Yet it would not be surprising to see this trend accelerated even further by the news of the Asian-American hate crimes. Images of racists punching elderly Asian grandmothers, after all, are hardly appealing to prospective students. 

All of this is, to me, a shame. 

The United States that I knew as a student is a vibrant society defined by an open-minded respect of diversity and tolerance, where communities did their best to make sure people from other countries felt welcome, where people went a greater extra mile than I had ever seen anywhere else to be inclusive of people of all nationalities, races and faiths. 

One of the first events I attended on campus as a freshman was a talk by John Chiang, who was then serving as California’s state treasurer and running to be California governor. It was a good talk — policy-heavy and finance-focused, as you would expect from the state’s top accountant — but what struck me more was an ad that his campaign later released.

It was called “Underdog.” In it, Chiang recounts the abuse his family of Taiwanese immigrants suffered. “We were the first Asian-American family on our block. We were taunted. Ridiculed,” he said. “They threw rocks at our windows. Spray-painted our garage. And started fights with us on the playground.”

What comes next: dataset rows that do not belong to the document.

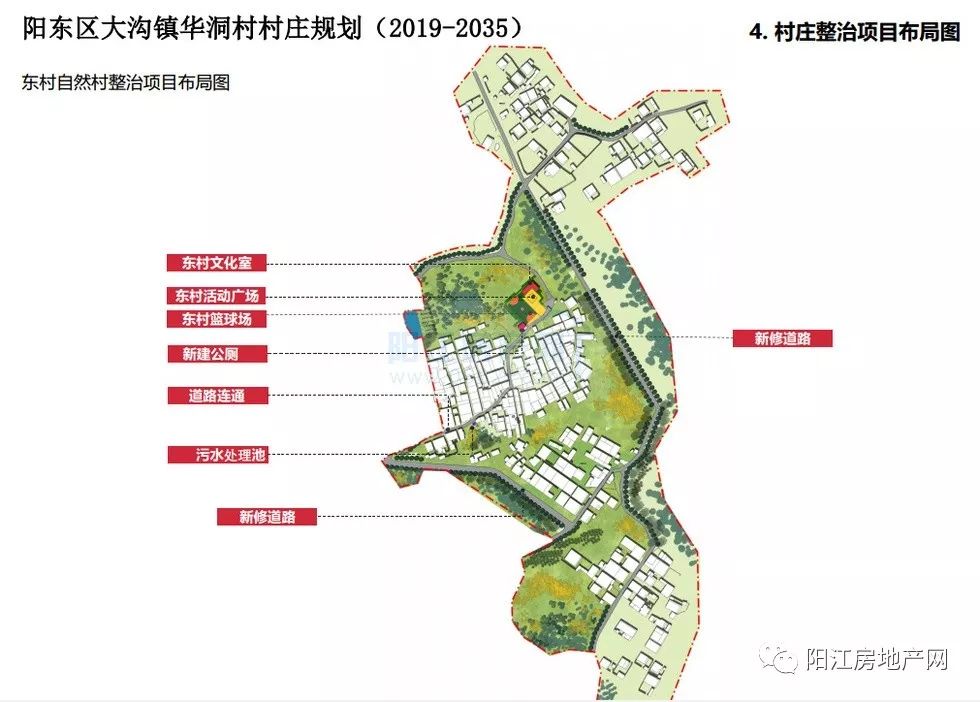 私米村全新发展规划展望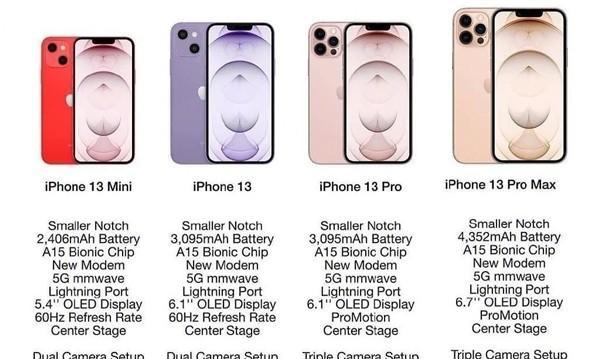 iphone13系列参数配置详细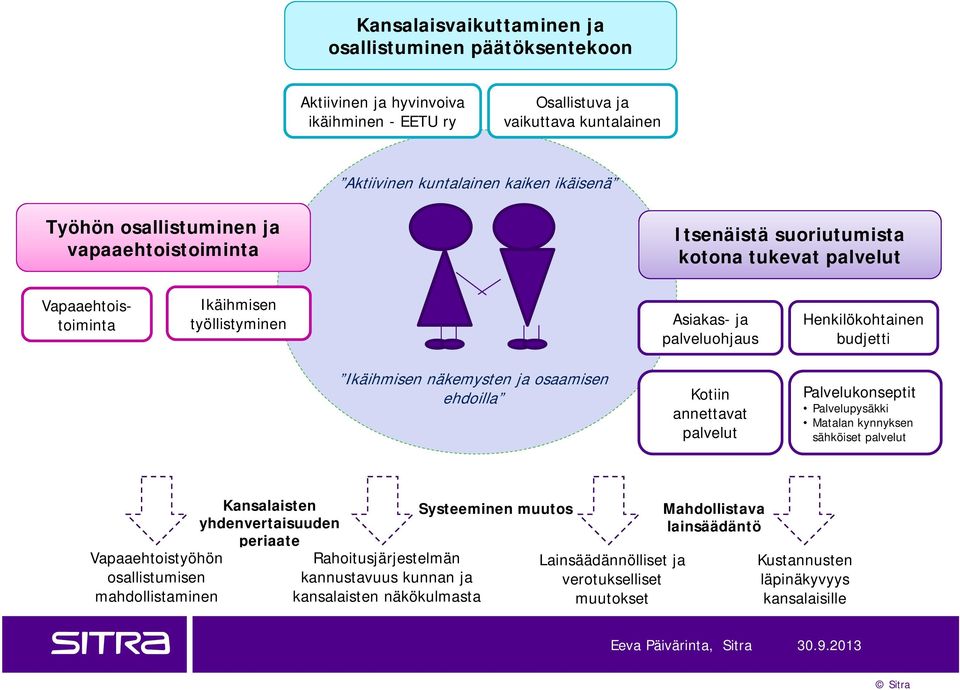 näkemysten ja osaamisen ehdoilla Kotiin annettavat palvelut Palvelukonseptit Palvelupysäkki Matalan kynnyksen sähköiset palvelut Kansalaisten yhdenvertaisuuden Systeeminen muutos periaate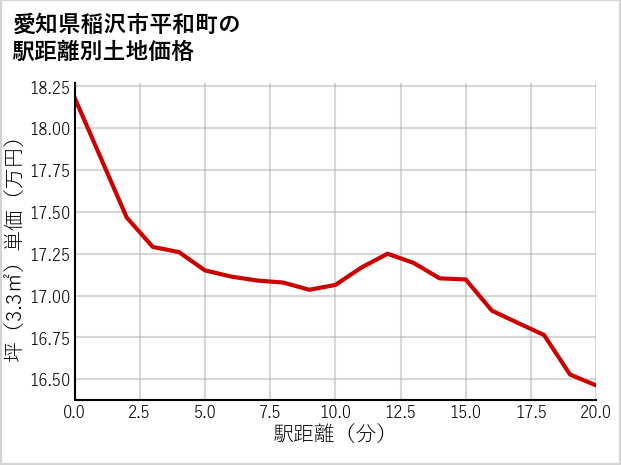 愛知県稲沢市平和町の徒歩距離別の土地坪単価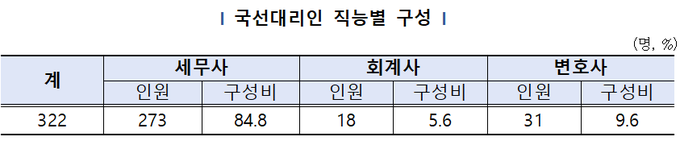 <자료-국세청>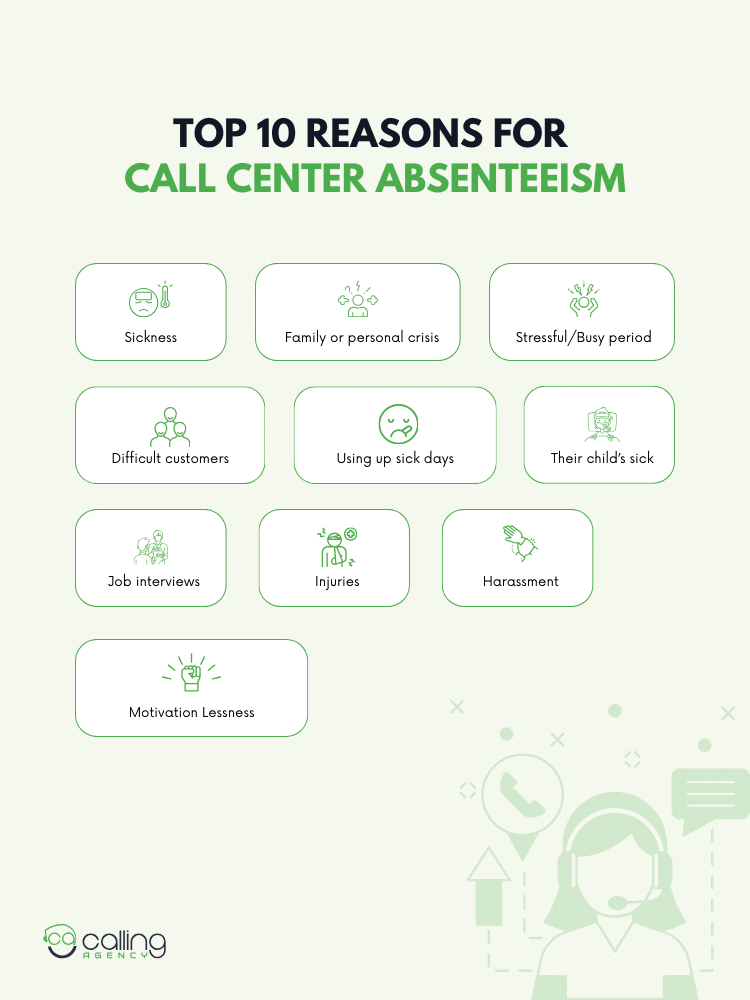 Top 10 Reasons for Call Center Absenteeism (1)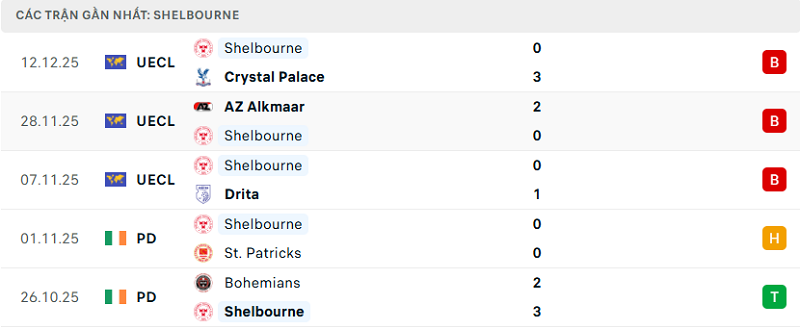 Phong độ Shelbourne 5 trận đã qua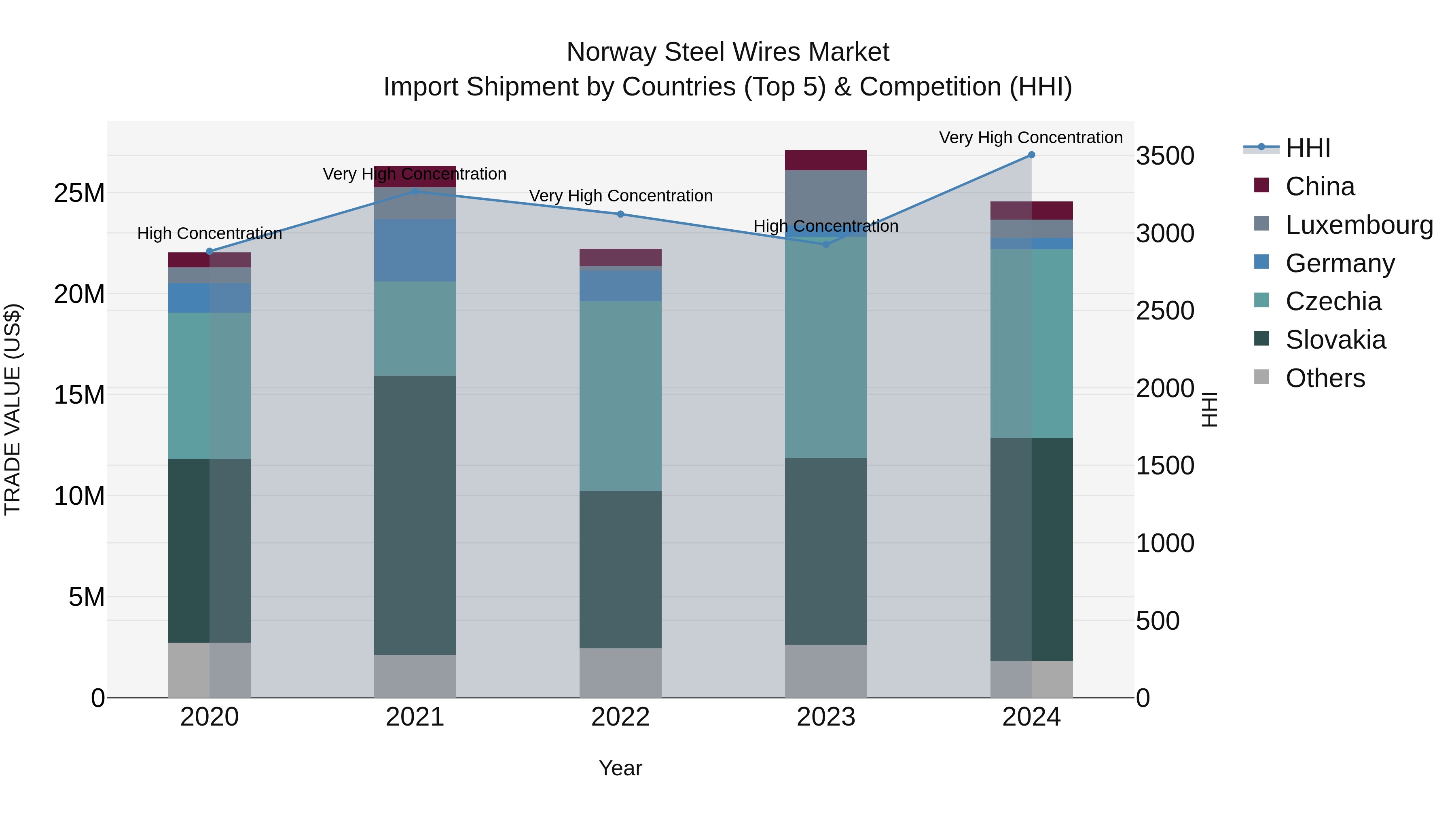 Norway Steel Wires Market Top 5 Importing Countries and Market Competition (HHI) Analysis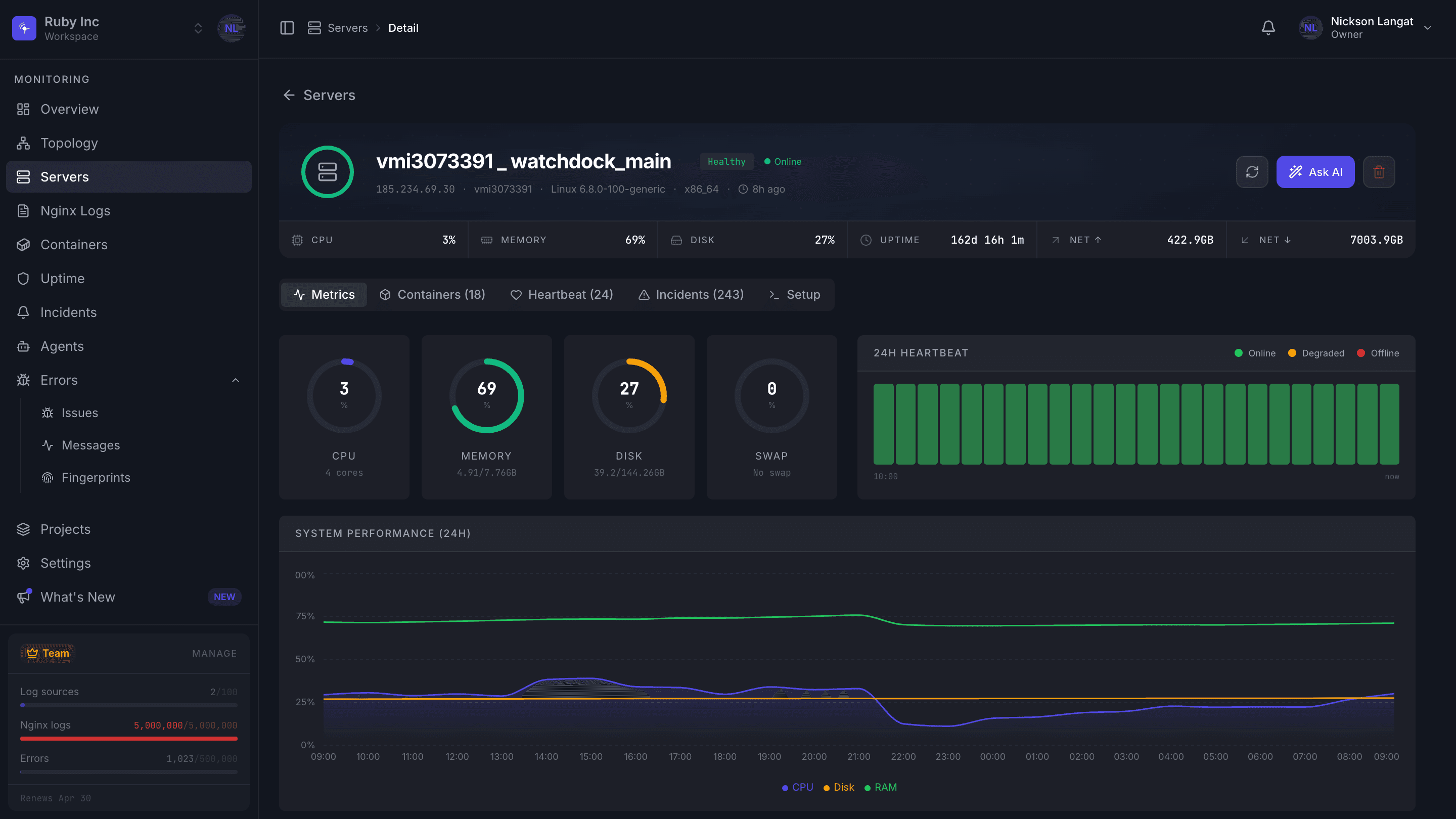 Watchdock server detail view with live CPU, memory, and 24-hour heartbeat
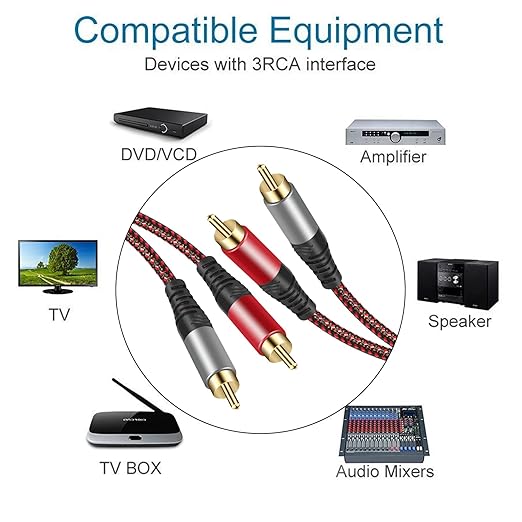 RCA Cable 40Ft,2Rca Male to 2-RCA Male Audio Stereo Subwoofer Cable [Hi-Fi Sound] Nylon-Braided Auxiliary Audio Cord for Home Theater, HDTV, Amplifiers, Hi-Fi Systems,Speakers and etc (40Ft)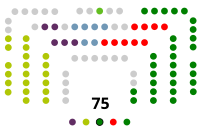 Image illustrative de l’article XIIe législature du Parlement basque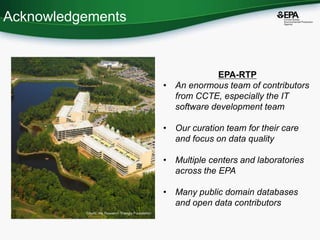 Usepa Rtp Informatics Approaches supporting UVCB Chemicals in the US-EPA CompTox ...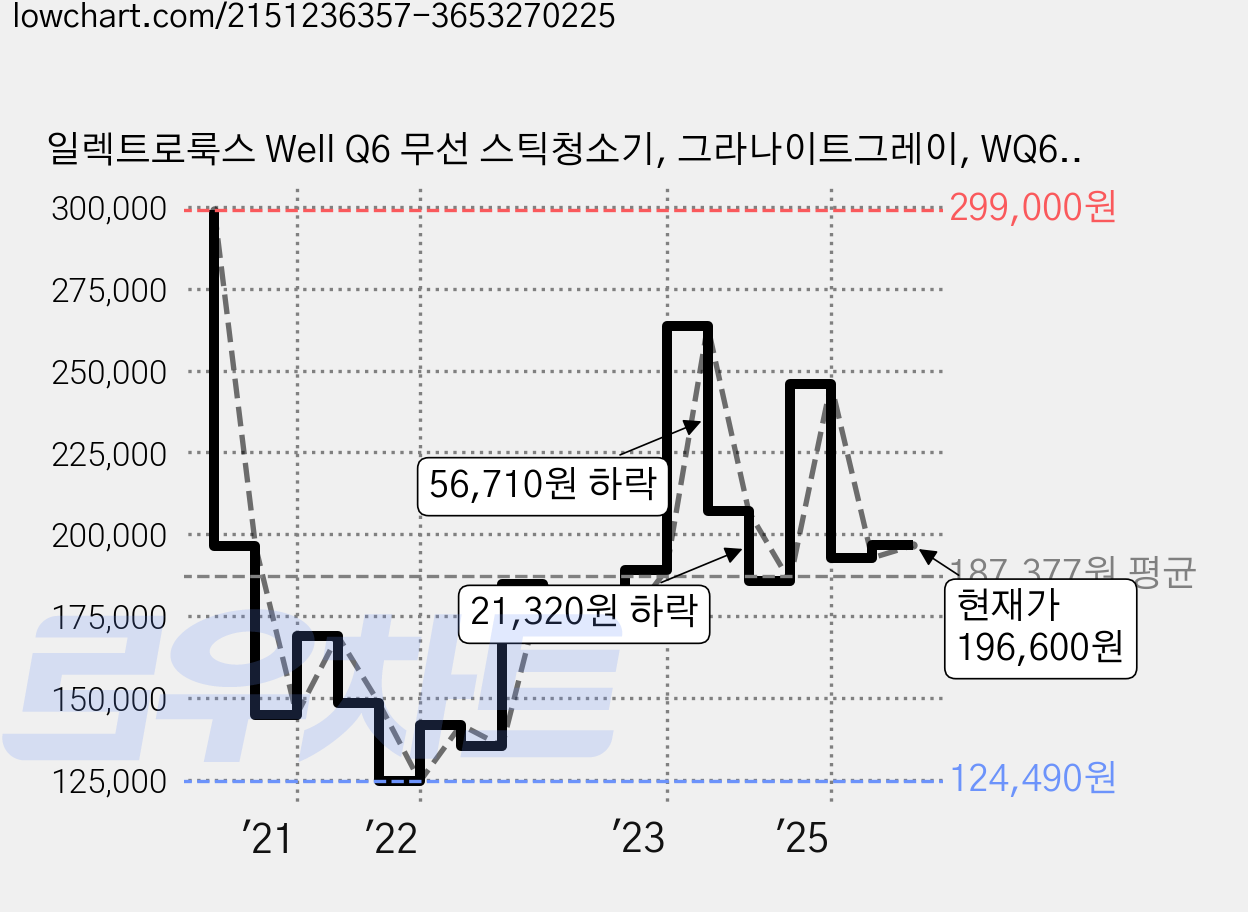 일렉트로룩스 Well Q6 무선 스틱청소기, 그라나이트그레이, WQ61-1OGG 가격 변동 차트, 현재가 196,600원, 관측 최저가 122,760원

Chiang didn’t ultimately win the election. But it did strike me that someone who had experienced such discrimination in his early years could, in his adulthood, run a credible campaign to fulfill his aspirations of governing the world’s fifth largest economy. And this, after all, is the same country that elected Tammy Duckworth as the first Thai-American in Congress and that just elected Kamala Harris as its first Asian-American vice president. That, to me, is America: a country defined by resilience. By possibilities. And by hope.

Watching the country be consumed by a renewed wave of xenophobia and anti-Asian hate is undoubtedly sad. It’s also the side of America that will be presented to the international news media, and upon which millions of people, including Thais, will cast judgement.

But it’s my hope that the other side of America that I got to see will win out in the end.